物語を円滑に進めるためには、ときに凡庸なありきたりのキャラが必要になることは認めないでもないが、しかしSFではなくエンターテイメントとしてみるなら、キャラクターが死んでいるのは致命的以外のなにものでもない。

ではジュヴナイル的なものなのかというと、まあそういったものへのオマージュ(むろん、時かけを中心に)を多少かんじないでもないが、(この先痛烈にネタバレになるが、まあネタバレを恐れないぼくなので気にしない)だったら無駄にタイムリープのきっかけをレイプなどとするのは配慮に欠けるし、そもそもこれが「殺されかけた」や「誘拐された」でもなんでもストーリー的には同じなのに、敢えてレイプを選んでいるのだから、どうもよくわからない。
若い世代に向けたものならば、むだに読者の眉をひそめさせるだけだと思う。
まあ、この辺は自分がレイプ大嫌いなので過剰反応してるだけの気もするが。

犯人のキャラクター像がずさんとしかいいようがない粗悪なものなのも、その感を助長させる。
乙一クラスの変態性を、とまでは云わないが、せめて悪役に命をふきこんで欲しい。
レイプ癖があるから、ムラムラと来てうっかり教え子を公園で襲うようなあほうな奴が、いままで何度も犯罪を犯していて捕まらないなんて、意味がわからない。
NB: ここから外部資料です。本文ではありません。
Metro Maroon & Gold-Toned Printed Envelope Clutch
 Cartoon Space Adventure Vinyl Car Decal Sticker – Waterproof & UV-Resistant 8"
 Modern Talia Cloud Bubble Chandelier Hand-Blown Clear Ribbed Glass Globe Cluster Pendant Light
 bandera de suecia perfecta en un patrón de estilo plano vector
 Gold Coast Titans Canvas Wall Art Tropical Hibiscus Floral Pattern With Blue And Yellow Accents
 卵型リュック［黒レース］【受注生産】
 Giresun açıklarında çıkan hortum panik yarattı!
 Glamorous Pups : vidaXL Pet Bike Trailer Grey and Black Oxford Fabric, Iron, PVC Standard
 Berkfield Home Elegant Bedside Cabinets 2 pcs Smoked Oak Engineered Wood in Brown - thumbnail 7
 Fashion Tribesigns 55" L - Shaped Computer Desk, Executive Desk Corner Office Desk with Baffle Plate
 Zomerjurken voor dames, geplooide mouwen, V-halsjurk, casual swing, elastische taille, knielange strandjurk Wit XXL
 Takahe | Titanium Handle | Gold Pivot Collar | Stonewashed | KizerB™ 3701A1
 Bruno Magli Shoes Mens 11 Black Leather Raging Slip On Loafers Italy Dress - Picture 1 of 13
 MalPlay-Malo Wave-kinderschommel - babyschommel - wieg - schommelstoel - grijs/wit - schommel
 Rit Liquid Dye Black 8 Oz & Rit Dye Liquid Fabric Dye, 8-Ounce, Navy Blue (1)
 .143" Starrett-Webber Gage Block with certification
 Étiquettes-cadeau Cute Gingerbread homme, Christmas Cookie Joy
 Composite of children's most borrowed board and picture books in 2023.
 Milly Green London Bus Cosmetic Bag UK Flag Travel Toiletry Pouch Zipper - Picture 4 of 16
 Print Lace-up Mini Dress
ただまあ、深みはまったくのないすかすかで、文章も読みやすくはあるがやはりスカスカだが、起承転結はしっかりしているし、テーマ自体もつまらないものではないので、これが二時間ドラマや舞台の原作であったり、あるいはマルチED方式のゲームの原作であるならば、わりと味付けが容易であるし楽しめそうだ、とは思う。

とにもかくにも味付け。薄すぎる。
作者のもつ価値観だの世界観だのがまったく伝わってこない。あるいはないのかもしれんとすら思える。
文章力、構成力ともに雑文ライターとしてならプロレベルだが、小説家としてはどうか?